If prices are not the issue, then why is it the key component of your argument? You have presupposed your conclusion in the above statement - ie. the tools are "EQUAL FUNCTIONING" (no need to shout, by the way), and they cost the same, so buy the brandname. The better buy depends on the tool in question - not every Dewalt is a whizbang.

I do not think the general public is even aware of Ridgid as a plumbing toolmaker, and they only see the tool at HD, so they are well aware that it is a housebrand. In fact, this may lead to some cross-branding synergies resulting in a cost advantage, since HD promotes Ridgid and vice versa. One might argue that a company like Delta, which contracts out manufacturing to plants all over, is less and less a brand name that can be relied on as a badge of quality. Plus the fact that Black & Decker has rolled it up, suggests that brand name will mean less and less in the tool market.
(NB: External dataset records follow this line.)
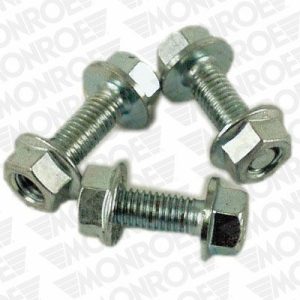 Montážní sada, řídící mechanismus MONROE (MO L65830) Montážní sada, řídící mechanismus MONROE (MO L65830)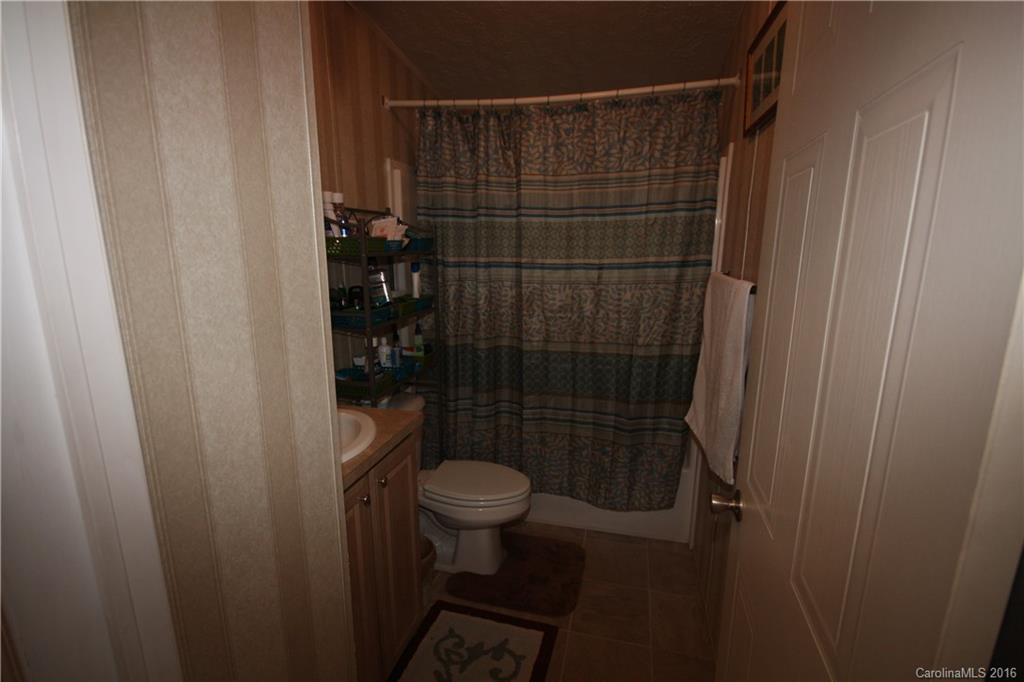 128 Victorian Meadows Drive #24 - Photo 13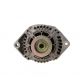 A1251 Alternator -zdjęcie numer 1
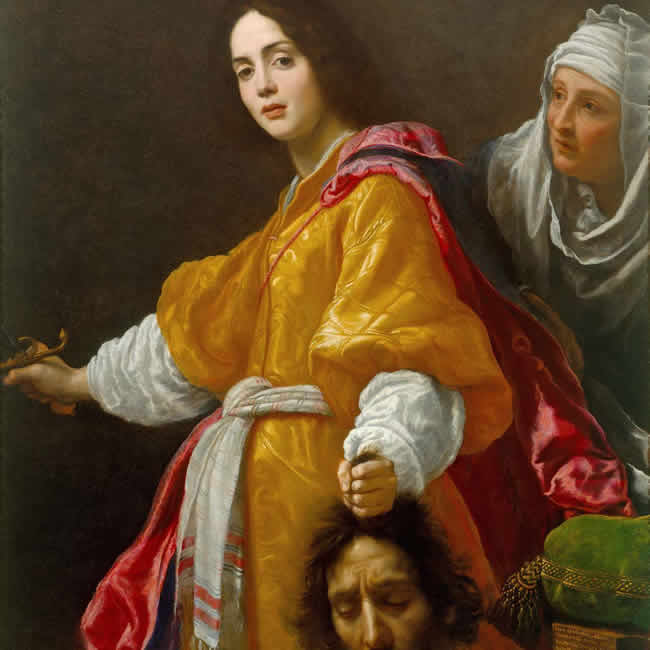 The Royal Collection &copy; 2008, Her Majesty Queen Elizabeth II; used with permission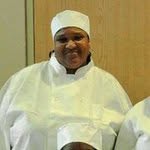 Georgetta Smith - @lovingtyrone - Instagram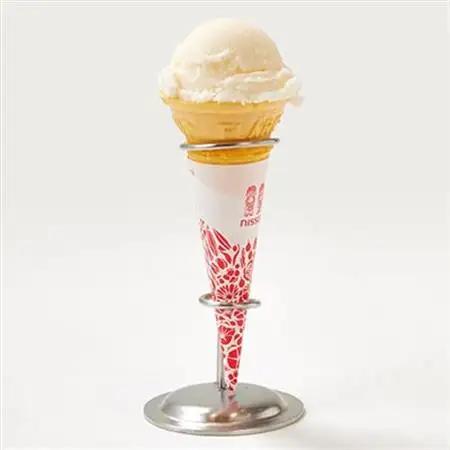 【2Lカップ】あいすくりん バニラ　ホームサイズ_菓子・スイーツ アイス・ジェラート  _【配送不可地域：離島】【1469234】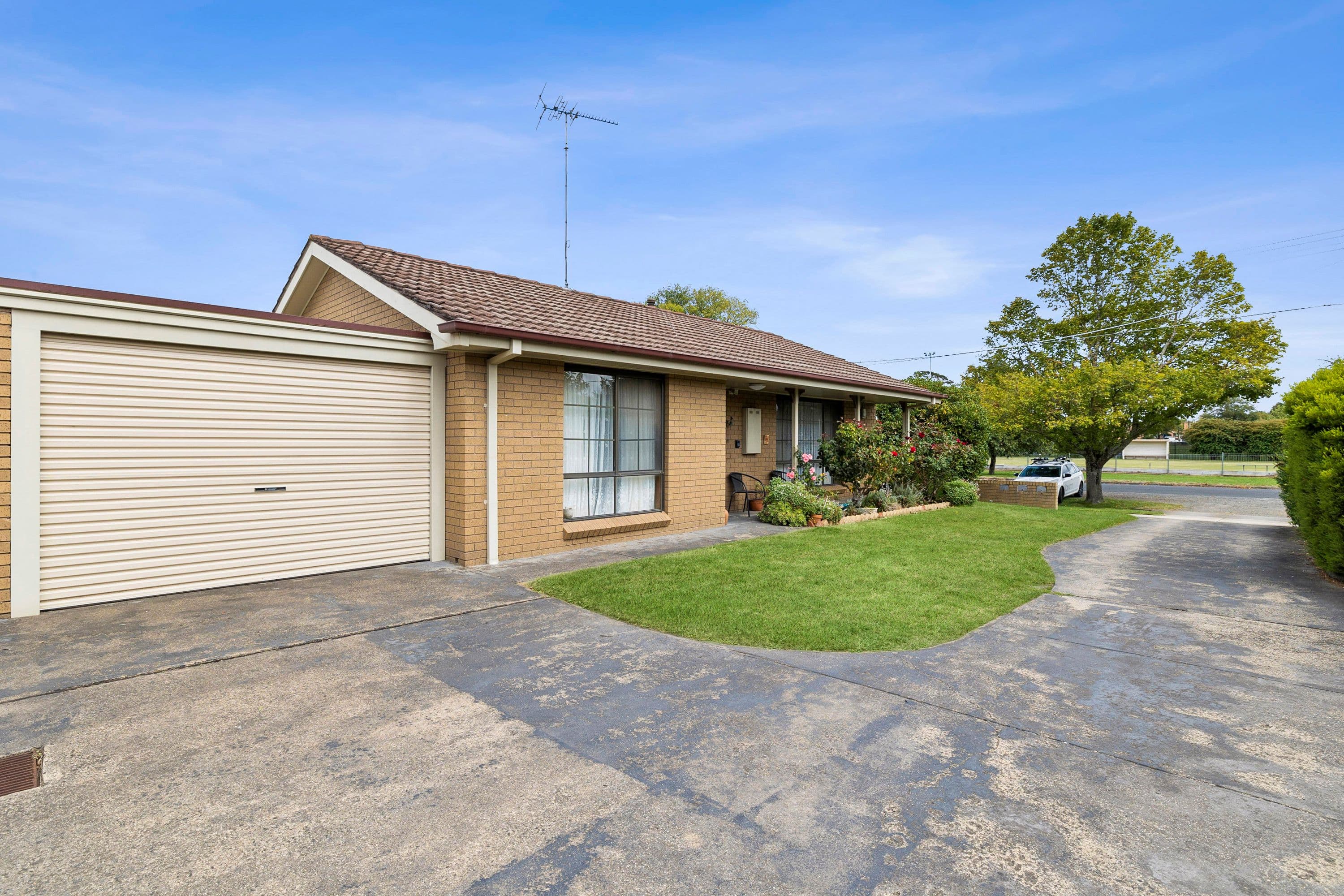 205 Ripon Street South, Ballarat Central VIC 3350, Ballarat Central - Image 1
Ridgid does well in Fine Woodworking reviews, often garnering the "Best Buy" slot, with the jointer, the bandsaw, and the sander all doing well.

uninformed public.
HD and Lowes have overall profit margins in the 6-7% range, which seems decent, but does not reach the "hand over fist" threshold, IMO. Remember that they constrain one another - they compete head to head, unless you believe that they collude to dupe the foolish masses...
...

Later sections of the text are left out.